Denn Zoran Martinovics Vater war auch Imker, hat gejagt, gefischt und Pilze gesammelt. «Wir hielten über hundert Bienenvölker», erinnert er sich stolz. In seiner Gymnasialzeit begann er auch Wasserball zu spielen. Im selben Schwimmbad, in welchem sie gespielt hatten, trainierte die jugoslawische Nationalmannschaft. Auch heute noch gehört die serbische Nationalmannschaft zu den stärksten. Zoran Martinovic rechnete beim Interviewtermin damit, dass sie die Weltmeisterschaft für sich entscheiden, inzwischen ist Serbien im Endspiel gegen Kroatien 11 zu 4 als Weltmeister im Wasserball hervorgegangen.

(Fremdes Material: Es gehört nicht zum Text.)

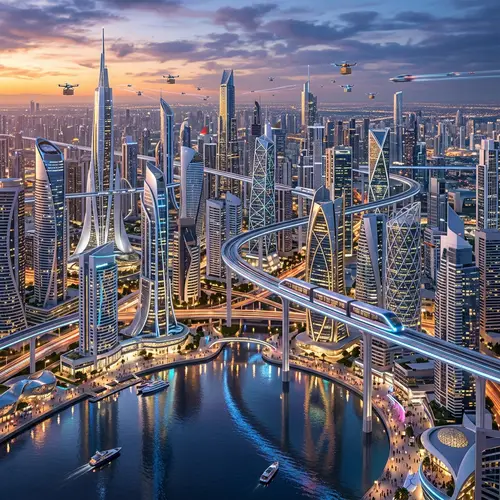 Futuristic Cityscape: Architecture & Innovation
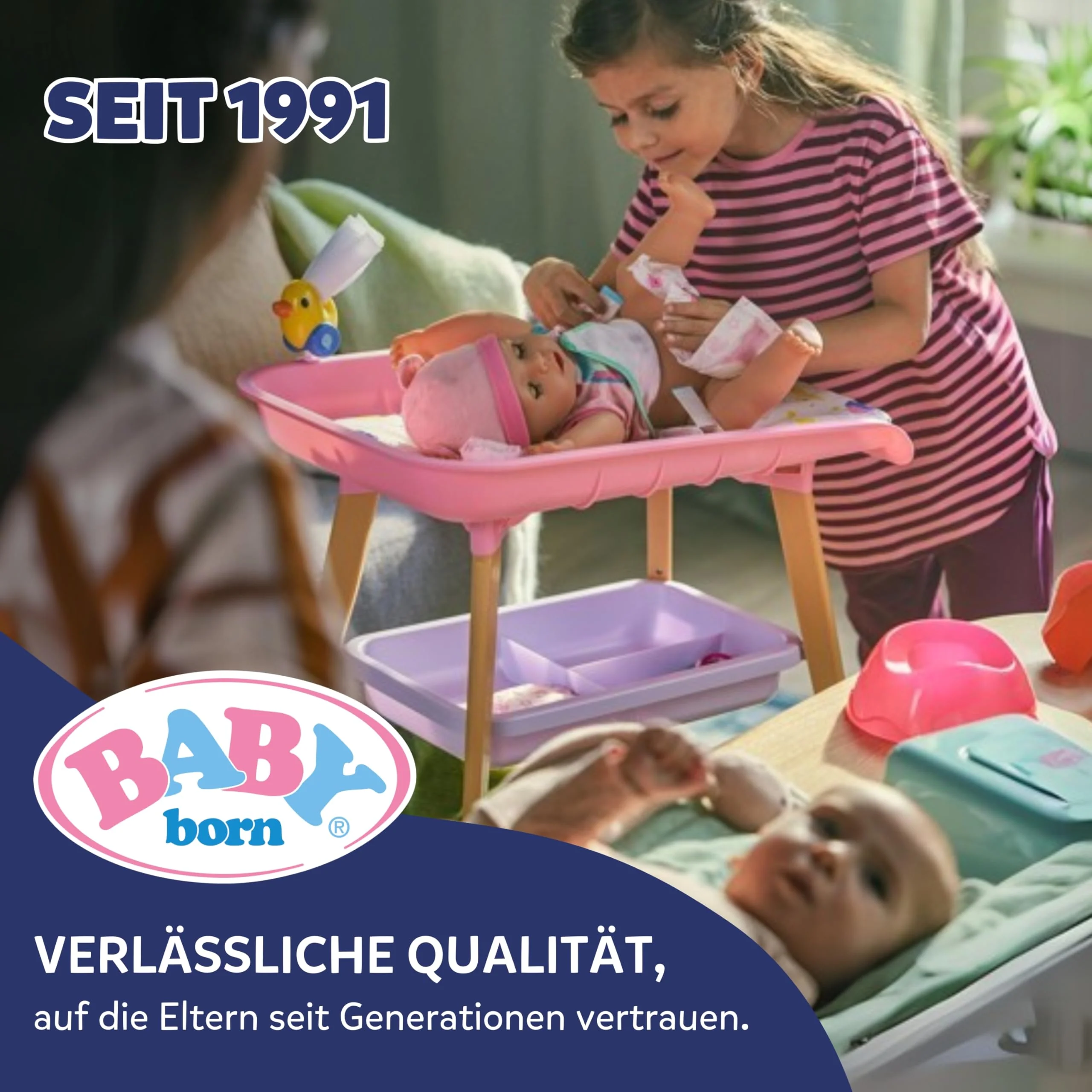 BABY born Jogginganzug - Puppenanzug mit rosa Langarm-Shirt & lila Hose - Hochwertige Puppenbekleidung - Puppenzubehör für Puppen der Größe 36 cm - Image 2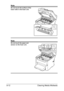 Page 223Clearing Media Misfeeds 9-12
Note
Do not touch the surface of the 
fuser roller in the fuser unit.
Note
Do not touch the paper exit 
sensor on the fuser unit. 
Downloaded From ManualsPrinter.com Manuals 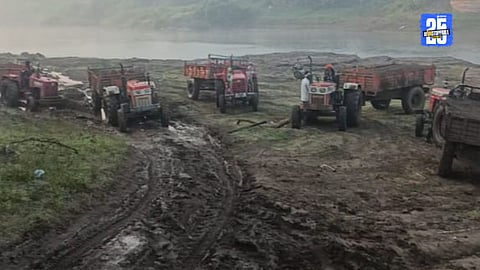 illegal Sand Mining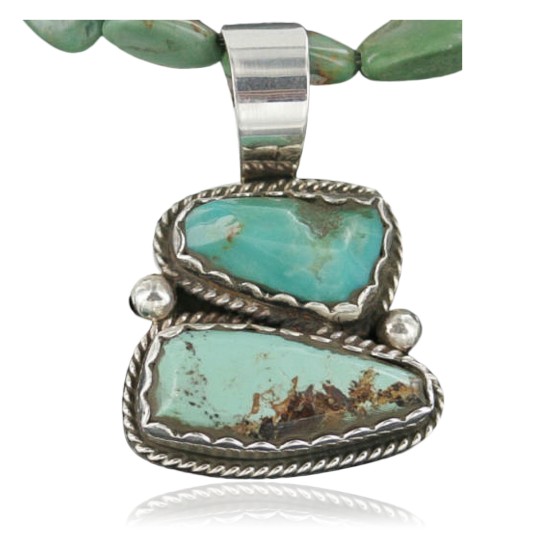 Handmade Certified Authentic Navajo .925 Sterling Silver Turquoise Native American Necklace 390682452881 Handmade Certified Authentic Navajo .925 Sterling Silver Turquoise Native American Necklace 390682452881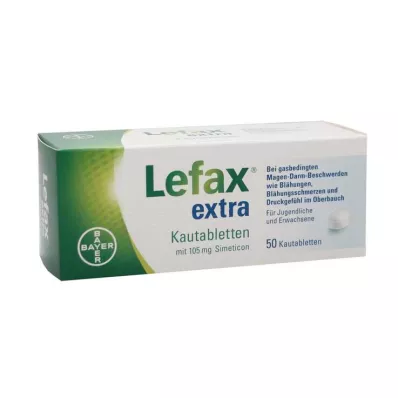 LEFAX extra tuggtabletter, 50 st LEFAX extra tuggtabletter, 50 st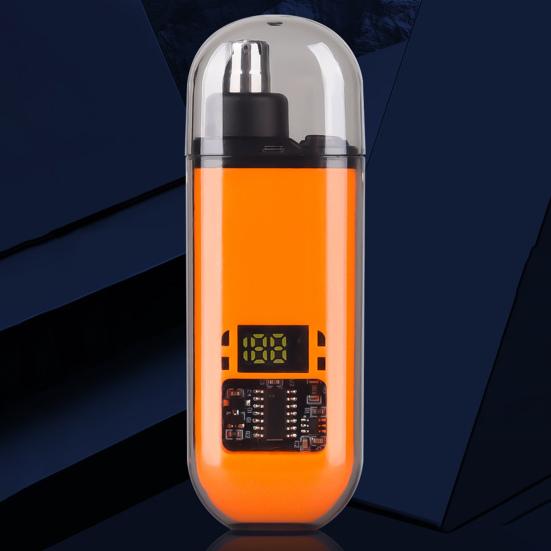 Триммер для волос в носу для мужчин и женщин, аккумуляторный, безболезненный, триммер для волос в ушах, водонепроницаемый, с двойными лезвиями, машинка для стрижки, многофункциональный инструмент для ухода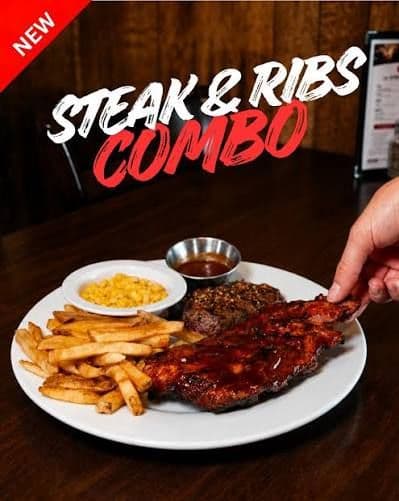STEAK AND RIB COMBO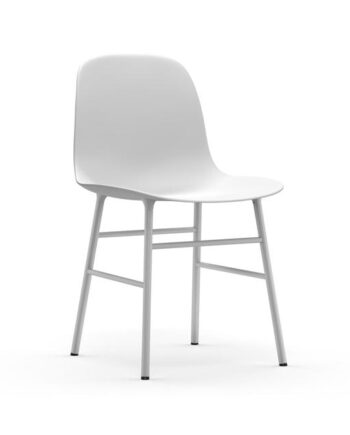 Normann Copenhagen Form Spisebordsstol Hvid Hvid Stål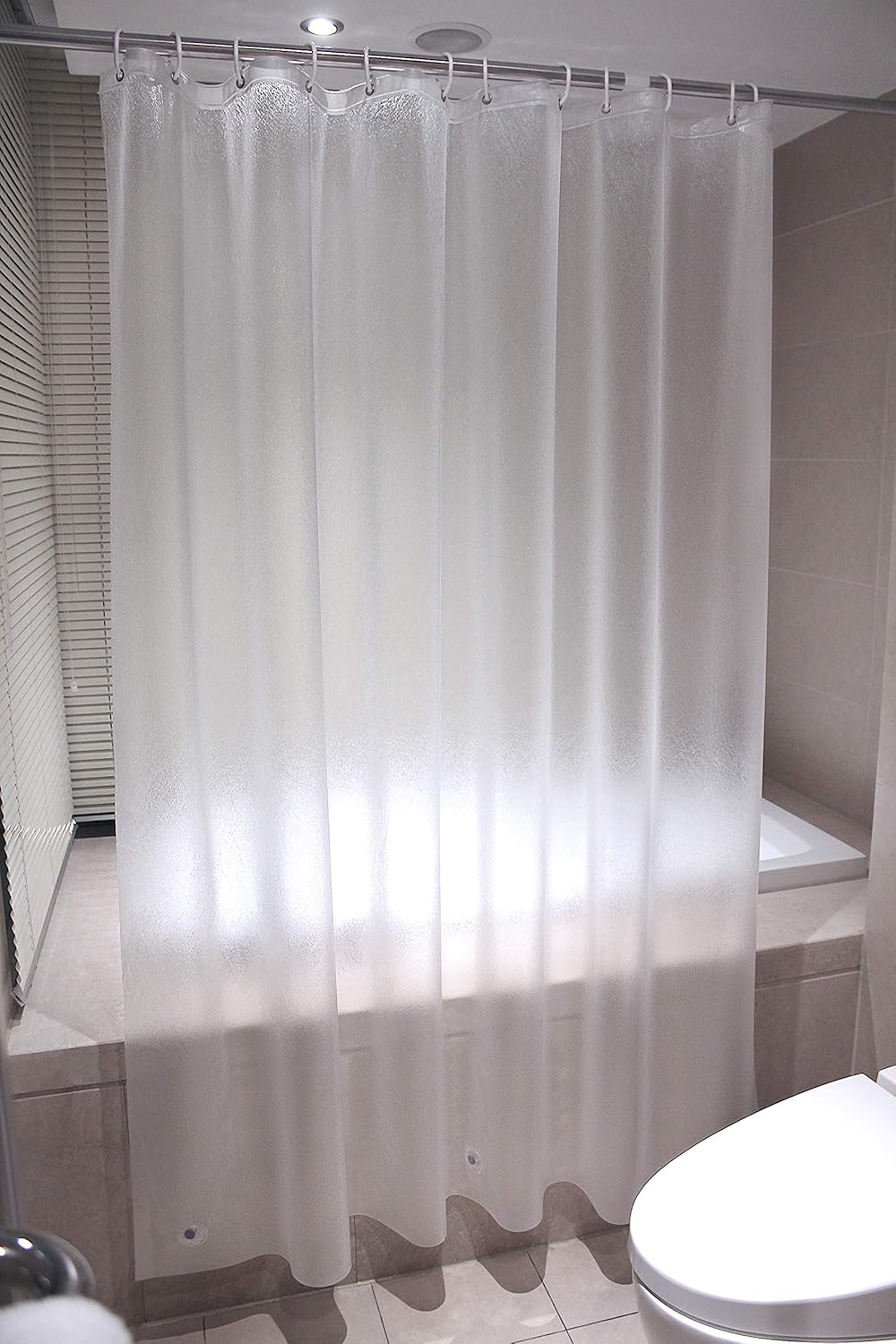 AooHome Eva Small 36x72 Inches Shower Liner Waterproof Bottom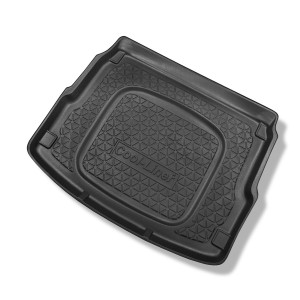 Tapis de coffre adapté pour Audi A8 D4 Berline (01.2010-09.2013) - bac de coffre - protection de coffre voiture - version standard et longue ; avec r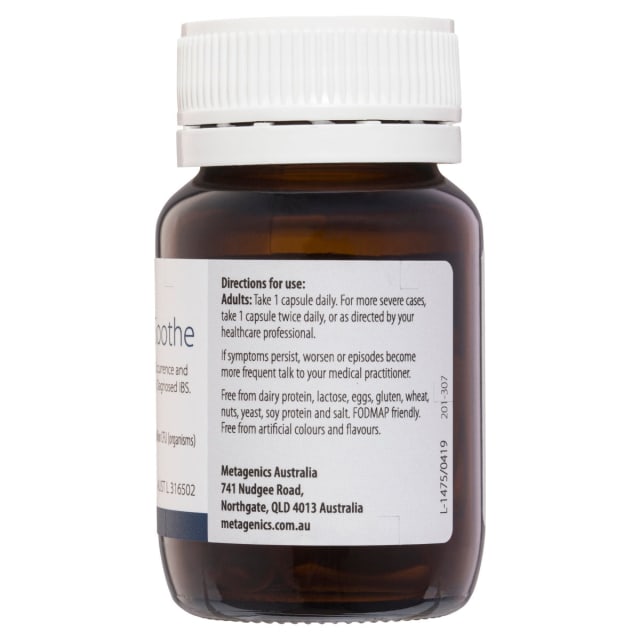 Metagenics Ultra Flora GI Soothe 30 VegeCaps 10% off RRP | HealthMasters Metagenics Directions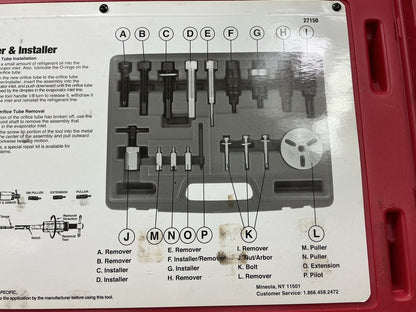 USED #51 - OEM TOOLS 27150 A/C Compressor Clutch Hub Removal Install Tool Set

Und er befasste sich mit den Trüffeln auch wissenschaftlich. So richtete er sich im Haus seiner Eltern ein kleines Labor ein, begann zu mikroskopieren und machte Bodenanalysen. Er wollte verstehen, weswegen an gewissen Orten die Trüffel gedeihen und an anderen nicht.

Gleich seinem Vater begab er sich auf die Pirsch. In den Wäldern um Cuprija jagte er Wölfe, Wildschweine, Füchse und Schakale, in Bosnien konnte man auch auf Bären treffen. Einmal hatte er einen Wildschweinkeiler aus der Ferne nur angeschossen. Dieser wurde wild, bewegte sich aufs Dorf zu, wohin er ihm folgte. Unvermittelt sah er sich dem Keiler in fünf Meter Distanz gegenüberstehen. Das Tier setzte zum Sprung an und aus Martinovics Gewehr löste sich ein Schuss. Verkehrt rittlings fand er sich auf dem Wildschwein wieder, das ihm – tödlich getroffen –zwischen die Beine geglitten war. Erst da wurde er sich gewahr, dass sich Schaulustige um ihn gesammelt hatten, die dem Showdown im Dorf gespannt beigewohnt hatten. Hätte er damals danebengeschossen, es müsste ein anderer heute seine Geschichte erzählen.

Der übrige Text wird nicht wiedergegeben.